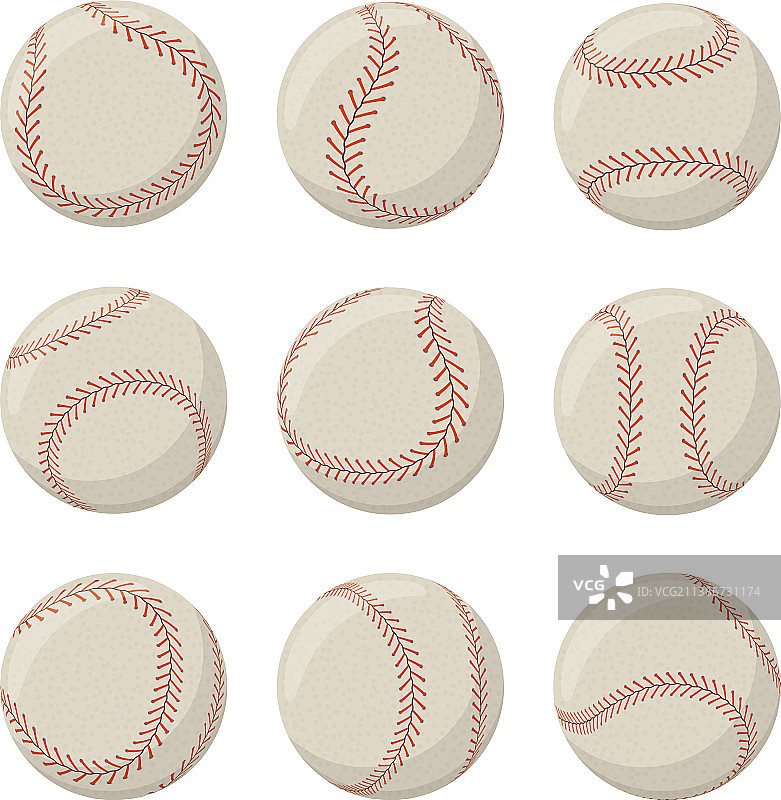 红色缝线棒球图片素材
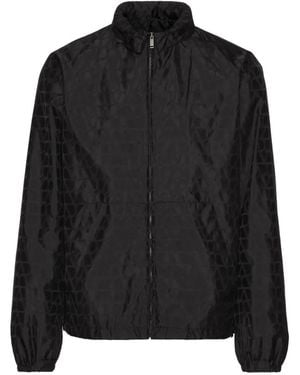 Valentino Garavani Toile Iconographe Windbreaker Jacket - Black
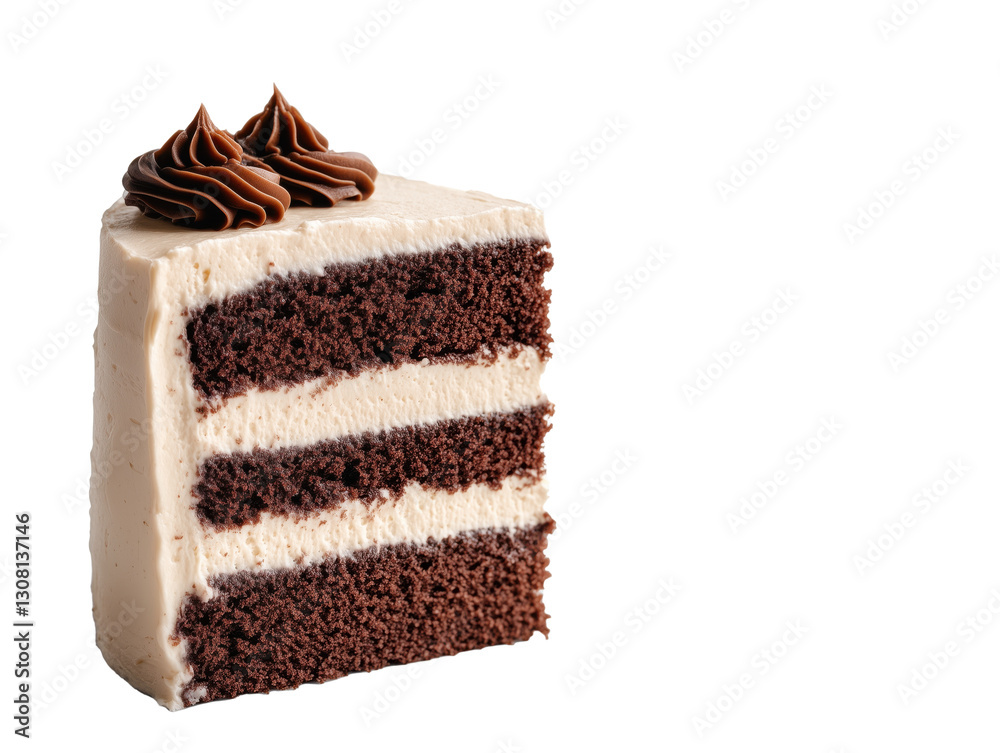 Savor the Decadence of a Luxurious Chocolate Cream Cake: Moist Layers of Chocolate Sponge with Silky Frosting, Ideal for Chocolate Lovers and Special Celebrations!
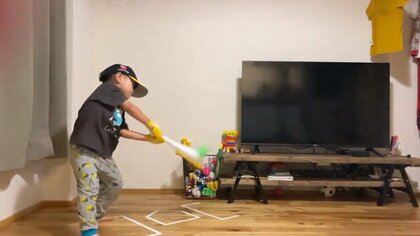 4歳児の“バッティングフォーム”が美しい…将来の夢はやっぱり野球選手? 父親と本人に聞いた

### Description of the task:
Every line from the one containing "Savor the Decadence" through the last line of the data is to be retyped exactly, with nothing added and no pictures included.

### Solution:
 Savor the Decadence of a Luxurious Chocolate Cream Cake: Moist Layers of Chocolate Sponge with Silky Frosting, Ideal for Chocolate Lovers and Special Celebrations!
 4歳児の“バッティングフォーム”が美しい…将来の夢はやっぱり野球選手? 父親と本人に聞いた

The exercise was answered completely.